**WHAT IS BEING ASKED**. In your output, repeat each entry exactly and include no pictures.

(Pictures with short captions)
______
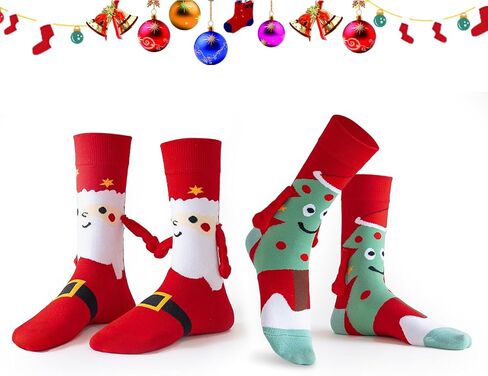 Christmas Holding Hands Socks, Magnetic Funny Hand Holding Unisex Socks for Couples, White Elephant Exchange Gifts for Adults, Xmas Secret Santa Gag Gifts for New Year (1Pair Red and 1Pair Green) in Saudi Arabia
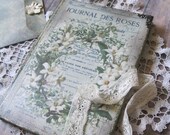 Vintage flowers diary, journal, notebook, tagebuch, shabby chic diary, shabby chic journal, vintage diary, vintage journal, old style diary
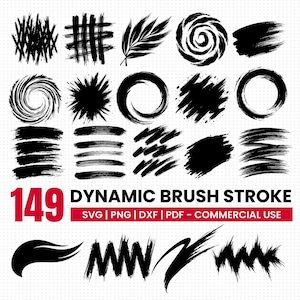 May include: A collection of 149 dynamic black brush stroke designs in various shapes, including swirls, lines, and splatters. The text "149 DYNAMIC BRUSH STROKE" is displayed in red and white, with file format options below.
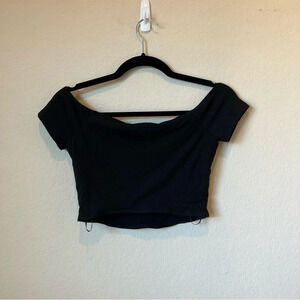 Privacy Please Off the Shoulder ribbed Crop top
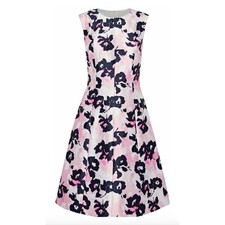 Oscar de la Renta Floral Silk Cocktail Dress Fit &Flare Pink Blue US 6 MED NWOT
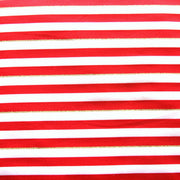 Red and White 1/4" Stripes with Gold Accent Nylon Lycra Swimsuit Fabric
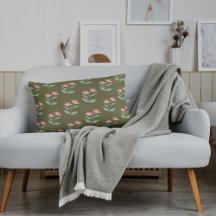 Sage Green Floral Pink Throw Pillow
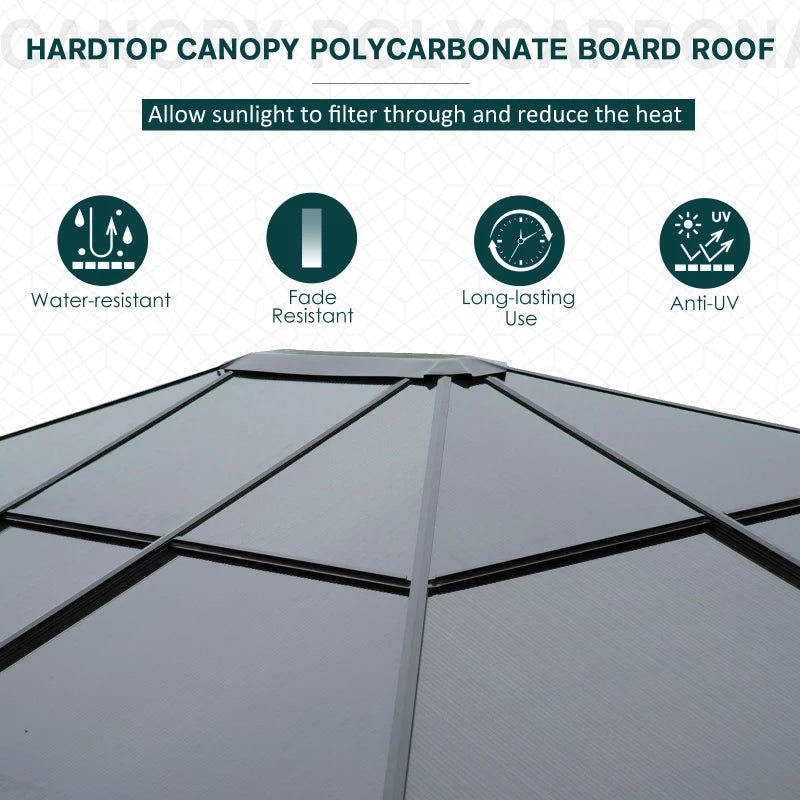 Outsunny Polycarbonate Hard Top Gazebo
______
**RESPONSE AREA**.
 Christmas Holding Hands Socks, Magnetic Funny Hand Holding Unisex Socks for Couples, White Elephant Exchange Gifts for Adults, Xmas Secret Santa Gag Gifts for New Year (1Pair Red and 1Pair Green) in Saudi Arabia
 Vintage flowers diary, journal, notebook, tagebuch, shabby chic diary, shabby chic journal, vintage diary, vintage journal, old style diary
 May include: A collection of 149 dynamic black brush stroke designs in various shapes, including swirls, lines, and splatters. The text "149 DYNAMIC BRUSH STROKE" is displayed in red and white, with file format options below.
 Privacy Please Off the Shoulder ribbed Crop top
 Oscar de la Renta Floral Silk Cocktail Dress Fit &Flare Pink Blue US 6 MED NWOT
 Red and White 1/4" Stripes with Gold Accent Nylon Lycra Swimsuit Fabric
 Sage Green Floral Pink Throw Pillow
 Outsunny Polycarbonate Hard Top Gazebo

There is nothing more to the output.